• [What is needed] Lines to restate from the data below: from the one containing "In der Schweiz" to the one containing "Casa en venta NUEVA", both included. Give them again exactly, and only them.

• [Data shown]
——

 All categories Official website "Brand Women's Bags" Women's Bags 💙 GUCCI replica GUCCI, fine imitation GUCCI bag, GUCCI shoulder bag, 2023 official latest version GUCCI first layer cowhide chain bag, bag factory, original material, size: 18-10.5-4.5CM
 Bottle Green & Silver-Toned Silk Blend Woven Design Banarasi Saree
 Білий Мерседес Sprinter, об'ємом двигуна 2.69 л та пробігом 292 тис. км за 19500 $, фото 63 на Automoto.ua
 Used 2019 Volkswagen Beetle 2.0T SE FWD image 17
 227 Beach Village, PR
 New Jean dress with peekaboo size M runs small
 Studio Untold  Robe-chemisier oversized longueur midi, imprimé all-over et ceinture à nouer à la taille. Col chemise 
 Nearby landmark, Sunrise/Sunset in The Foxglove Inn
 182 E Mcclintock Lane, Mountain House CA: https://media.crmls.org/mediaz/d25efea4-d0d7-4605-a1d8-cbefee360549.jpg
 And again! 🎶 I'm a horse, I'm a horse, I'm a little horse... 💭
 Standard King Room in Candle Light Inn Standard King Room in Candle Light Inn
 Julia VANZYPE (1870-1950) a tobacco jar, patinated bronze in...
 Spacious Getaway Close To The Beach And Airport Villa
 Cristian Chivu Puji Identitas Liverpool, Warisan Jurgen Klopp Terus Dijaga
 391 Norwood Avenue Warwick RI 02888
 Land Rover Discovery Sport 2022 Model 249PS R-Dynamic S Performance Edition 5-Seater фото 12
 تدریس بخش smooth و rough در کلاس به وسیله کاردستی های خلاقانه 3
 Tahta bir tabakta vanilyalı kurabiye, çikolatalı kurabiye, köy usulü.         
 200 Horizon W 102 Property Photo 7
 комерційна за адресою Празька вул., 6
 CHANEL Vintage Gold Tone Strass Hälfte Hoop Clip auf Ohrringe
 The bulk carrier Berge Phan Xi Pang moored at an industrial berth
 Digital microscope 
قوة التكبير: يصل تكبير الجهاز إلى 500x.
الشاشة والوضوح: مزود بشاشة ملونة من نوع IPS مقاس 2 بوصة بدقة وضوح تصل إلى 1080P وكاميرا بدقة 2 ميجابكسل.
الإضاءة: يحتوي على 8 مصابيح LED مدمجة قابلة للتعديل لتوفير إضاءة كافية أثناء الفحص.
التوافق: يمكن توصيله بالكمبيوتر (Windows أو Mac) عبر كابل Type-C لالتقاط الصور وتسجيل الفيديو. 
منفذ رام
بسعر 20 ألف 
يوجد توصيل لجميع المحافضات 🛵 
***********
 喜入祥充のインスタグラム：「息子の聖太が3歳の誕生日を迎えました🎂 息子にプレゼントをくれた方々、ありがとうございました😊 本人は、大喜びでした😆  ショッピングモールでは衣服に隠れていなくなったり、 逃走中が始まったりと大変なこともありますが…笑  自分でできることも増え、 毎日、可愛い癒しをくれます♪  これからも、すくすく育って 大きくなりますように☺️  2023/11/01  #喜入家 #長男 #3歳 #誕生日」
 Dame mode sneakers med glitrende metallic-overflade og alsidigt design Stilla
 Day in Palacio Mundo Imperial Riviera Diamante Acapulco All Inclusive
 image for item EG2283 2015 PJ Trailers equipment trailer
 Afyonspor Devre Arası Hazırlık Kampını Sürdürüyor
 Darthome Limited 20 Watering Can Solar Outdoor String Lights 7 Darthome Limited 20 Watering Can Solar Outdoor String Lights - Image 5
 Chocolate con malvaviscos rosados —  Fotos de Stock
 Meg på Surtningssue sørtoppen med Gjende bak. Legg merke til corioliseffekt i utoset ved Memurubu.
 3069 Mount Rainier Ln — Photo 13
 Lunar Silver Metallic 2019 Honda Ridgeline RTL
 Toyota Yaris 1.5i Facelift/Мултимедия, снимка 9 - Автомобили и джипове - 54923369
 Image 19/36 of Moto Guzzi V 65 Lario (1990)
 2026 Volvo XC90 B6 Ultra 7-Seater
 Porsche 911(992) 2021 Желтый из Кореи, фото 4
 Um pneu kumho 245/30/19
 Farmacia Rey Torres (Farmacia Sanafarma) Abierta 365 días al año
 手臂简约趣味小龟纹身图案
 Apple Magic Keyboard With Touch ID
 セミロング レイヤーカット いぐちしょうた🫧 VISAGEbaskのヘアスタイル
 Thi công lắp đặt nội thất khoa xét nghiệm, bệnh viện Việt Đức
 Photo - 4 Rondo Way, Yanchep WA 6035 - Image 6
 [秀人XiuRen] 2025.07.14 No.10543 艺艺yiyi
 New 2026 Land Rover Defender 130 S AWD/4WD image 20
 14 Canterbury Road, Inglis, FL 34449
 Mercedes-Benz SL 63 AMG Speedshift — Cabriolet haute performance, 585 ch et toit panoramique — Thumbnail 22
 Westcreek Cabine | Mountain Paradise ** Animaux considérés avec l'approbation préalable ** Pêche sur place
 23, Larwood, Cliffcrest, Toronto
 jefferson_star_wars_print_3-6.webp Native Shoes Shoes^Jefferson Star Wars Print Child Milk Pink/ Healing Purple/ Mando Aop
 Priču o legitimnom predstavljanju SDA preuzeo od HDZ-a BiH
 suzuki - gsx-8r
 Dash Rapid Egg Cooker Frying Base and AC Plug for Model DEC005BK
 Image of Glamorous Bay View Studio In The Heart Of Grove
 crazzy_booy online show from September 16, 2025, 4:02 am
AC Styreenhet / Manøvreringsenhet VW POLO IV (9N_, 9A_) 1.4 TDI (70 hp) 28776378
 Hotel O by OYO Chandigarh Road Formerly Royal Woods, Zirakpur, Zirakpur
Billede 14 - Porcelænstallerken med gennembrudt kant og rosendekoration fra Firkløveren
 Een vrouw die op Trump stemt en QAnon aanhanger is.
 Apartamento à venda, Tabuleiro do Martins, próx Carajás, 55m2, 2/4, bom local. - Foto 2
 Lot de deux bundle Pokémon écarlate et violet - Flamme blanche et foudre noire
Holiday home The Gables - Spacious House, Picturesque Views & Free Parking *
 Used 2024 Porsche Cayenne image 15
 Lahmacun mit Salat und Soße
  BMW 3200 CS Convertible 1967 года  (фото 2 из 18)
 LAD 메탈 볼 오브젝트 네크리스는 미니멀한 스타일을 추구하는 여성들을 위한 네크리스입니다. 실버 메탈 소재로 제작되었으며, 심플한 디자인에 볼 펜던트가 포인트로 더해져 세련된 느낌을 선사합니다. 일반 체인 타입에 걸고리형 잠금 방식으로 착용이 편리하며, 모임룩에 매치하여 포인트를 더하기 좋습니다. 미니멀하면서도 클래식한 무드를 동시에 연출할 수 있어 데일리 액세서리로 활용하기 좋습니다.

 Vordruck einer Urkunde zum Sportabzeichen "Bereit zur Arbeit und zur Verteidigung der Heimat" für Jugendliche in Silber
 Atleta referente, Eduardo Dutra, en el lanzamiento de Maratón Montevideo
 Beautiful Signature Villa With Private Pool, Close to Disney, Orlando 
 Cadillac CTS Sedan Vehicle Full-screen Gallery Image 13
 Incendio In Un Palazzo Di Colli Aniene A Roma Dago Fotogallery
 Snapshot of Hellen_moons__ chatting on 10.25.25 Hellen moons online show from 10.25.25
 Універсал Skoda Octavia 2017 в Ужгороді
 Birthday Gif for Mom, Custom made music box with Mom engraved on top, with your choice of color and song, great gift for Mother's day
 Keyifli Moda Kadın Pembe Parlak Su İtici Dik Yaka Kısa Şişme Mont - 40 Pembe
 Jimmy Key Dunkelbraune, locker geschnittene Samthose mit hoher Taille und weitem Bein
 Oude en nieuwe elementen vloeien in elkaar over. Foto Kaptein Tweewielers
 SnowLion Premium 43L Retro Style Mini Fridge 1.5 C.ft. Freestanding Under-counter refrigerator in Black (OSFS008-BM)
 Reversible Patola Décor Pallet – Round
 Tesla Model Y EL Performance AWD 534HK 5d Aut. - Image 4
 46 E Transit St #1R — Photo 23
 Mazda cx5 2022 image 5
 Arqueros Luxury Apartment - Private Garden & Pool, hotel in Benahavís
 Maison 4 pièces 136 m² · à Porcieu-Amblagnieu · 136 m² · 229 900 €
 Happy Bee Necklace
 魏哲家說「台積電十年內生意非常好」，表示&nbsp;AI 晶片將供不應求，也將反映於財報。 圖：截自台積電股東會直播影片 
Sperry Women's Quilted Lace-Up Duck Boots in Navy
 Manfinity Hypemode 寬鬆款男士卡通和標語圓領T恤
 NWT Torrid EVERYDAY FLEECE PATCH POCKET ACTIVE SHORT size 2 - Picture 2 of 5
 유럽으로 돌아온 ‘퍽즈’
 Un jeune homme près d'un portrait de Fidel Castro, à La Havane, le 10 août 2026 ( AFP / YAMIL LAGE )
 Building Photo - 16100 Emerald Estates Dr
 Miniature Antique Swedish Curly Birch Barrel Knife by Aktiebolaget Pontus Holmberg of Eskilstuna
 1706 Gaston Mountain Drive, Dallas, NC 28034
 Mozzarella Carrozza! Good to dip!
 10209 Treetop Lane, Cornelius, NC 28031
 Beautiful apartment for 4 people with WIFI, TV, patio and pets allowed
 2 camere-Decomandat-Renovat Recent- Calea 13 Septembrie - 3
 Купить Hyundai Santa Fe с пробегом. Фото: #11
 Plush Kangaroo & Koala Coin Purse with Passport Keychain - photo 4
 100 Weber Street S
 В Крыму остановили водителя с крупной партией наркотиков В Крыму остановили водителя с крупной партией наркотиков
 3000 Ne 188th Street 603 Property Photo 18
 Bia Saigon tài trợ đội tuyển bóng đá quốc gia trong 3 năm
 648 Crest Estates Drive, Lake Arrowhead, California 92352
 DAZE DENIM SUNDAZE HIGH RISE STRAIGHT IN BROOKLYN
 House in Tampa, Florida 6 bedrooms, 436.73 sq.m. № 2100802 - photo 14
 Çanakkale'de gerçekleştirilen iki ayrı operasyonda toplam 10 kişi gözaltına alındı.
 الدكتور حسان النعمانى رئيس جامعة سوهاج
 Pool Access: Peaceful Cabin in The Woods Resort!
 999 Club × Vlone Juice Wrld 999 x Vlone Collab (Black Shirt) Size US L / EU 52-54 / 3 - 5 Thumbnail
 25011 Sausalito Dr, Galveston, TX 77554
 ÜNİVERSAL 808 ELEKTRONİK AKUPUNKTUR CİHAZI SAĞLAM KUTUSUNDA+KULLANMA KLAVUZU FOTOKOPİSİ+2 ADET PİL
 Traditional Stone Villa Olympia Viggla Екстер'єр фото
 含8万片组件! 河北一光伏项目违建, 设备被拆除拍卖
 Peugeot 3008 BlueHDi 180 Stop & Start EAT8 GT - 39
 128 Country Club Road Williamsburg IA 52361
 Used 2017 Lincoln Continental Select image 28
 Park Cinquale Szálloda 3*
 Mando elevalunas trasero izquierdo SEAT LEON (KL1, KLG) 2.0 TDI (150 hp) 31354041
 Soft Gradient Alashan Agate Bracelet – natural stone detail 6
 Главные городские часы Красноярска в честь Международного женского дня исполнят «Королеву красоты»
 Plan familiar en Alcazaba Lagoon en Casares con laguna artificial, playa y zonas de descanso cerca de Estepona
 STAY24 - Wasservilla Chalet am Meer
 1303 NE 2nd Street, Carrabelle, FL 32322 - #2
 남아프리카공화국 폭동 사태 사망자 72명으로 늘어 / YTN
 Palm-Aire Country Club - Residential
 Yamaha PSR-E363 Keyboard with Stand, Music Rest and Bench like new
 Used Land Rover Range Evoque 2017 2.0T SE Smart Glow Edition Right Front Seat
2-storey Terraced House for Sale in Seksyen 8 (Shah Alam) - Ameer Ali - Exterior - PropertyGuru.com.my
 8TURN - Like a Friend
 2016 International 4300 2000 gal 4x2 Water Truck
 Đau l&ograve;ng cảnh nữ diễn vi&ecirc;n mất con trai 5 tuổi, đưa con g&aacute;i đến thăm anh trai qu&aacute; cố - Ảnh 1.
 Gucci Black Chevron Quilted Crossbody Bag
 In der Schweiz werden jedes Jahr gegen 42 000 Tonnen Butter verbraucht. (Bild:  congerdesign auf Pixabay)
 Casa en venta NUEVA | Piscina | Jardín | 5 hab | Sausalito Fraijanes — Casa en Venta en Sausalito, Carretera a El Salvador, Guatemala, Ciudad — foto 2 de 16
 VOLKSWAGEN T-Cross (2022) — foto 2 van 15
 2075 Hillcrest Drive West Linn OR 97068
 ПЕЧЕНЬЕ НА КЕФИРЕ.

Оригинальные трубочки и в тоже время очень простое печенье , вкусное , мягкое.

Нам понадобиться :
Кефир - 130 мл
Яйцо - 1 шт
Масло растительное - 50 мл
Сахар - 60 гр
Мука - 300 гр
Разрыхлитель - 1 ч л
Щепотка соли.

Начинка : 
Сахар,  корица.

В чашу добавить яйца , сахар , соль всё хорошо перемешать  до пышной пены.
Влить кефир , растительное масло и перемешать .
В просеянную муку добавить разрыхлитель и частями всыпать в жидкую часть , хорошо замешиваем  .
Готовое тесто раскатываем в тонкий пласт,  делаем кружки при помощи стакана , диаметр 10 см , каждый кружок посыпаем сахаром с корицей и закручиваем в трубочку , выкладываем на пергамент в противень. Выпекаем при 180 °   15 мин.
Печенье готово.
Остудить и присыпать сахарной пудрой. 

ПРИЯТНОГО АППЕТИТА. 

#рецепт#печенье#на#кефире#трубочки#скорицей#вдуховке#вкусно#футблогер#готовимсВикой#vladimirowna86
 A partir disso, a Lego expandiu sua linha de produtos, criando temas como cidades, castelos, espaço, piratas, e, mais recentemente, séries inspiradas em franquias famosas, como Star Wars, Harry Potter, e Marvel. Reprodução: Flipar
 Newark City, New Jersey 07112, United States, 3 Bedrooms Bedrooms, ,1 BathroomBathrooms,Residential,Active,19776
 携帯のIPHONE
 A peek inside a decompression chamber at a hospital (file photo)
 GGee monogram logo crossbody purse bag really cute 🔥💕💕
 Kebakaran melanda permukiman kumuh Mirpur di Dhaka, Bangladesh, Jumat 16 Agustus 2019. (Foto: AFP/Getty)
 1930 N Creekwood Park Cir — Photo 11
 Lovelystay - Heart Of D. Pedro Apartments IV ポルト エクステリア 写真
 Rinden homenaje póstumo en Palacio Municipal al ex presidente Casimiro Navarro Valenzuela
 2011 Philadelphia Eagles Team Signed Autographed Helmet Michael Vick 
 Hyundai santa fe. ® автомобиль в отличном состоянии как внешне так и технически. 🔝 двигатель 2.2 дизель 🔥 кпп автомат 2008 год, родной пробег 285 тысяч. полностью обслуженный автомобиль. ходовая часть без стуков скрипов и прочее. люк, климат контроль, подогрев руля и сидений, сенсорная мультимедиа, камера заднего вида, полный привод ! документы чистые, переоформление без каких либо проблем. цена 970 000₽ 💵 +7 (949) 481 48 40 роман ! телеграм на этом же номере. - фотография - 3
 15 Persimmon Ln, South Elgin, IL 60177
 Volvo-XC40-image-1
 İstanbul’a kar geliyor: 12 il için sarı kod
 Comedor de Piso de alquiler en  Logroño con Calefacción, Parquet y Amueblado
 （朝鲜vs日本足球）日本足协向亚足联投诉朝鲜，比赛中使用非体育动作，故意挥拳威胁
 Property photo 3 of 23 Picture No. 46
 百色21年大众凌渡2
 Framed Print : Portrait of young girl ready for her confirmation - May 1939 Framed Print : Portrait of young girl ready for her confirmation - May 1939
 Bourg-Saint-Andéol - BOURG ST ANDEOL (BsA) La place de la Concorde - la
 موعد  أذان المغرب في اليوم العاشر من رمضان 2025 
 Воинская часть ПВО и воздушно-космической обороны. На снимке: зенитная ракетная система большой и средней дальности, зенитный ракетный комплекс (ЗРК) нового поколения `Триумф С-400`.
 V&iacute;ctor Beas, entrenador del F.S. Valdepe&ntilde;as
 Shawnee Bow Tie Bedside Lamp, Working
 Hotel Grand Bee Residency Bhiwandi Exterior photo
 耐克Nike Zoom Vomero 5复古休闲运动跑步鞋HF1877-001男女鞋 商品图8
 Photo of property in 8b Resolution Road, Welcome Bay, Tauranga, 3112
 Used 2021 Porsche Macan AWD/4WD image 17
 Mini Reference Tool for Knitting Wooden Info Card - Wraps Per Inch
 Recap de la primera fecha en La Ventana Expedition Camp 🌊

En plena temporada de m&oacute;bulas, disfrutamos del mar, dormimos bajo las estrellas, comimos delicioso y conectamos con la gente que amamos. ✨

——

• [Solution]
 In der Schweiz werden jedes Jahr gegen 42 000 Tonnen Butter verbraucht. (Bild:  congerdesign auf Pixabay)
 Casa en venta NUEVA | Piscina | Jardín | 5 hab | Sausalito Fraijanes — Casa en Venta en Sausalito, Carretera a El Salvador, Guatemala, Ciudad — foto 2 de 16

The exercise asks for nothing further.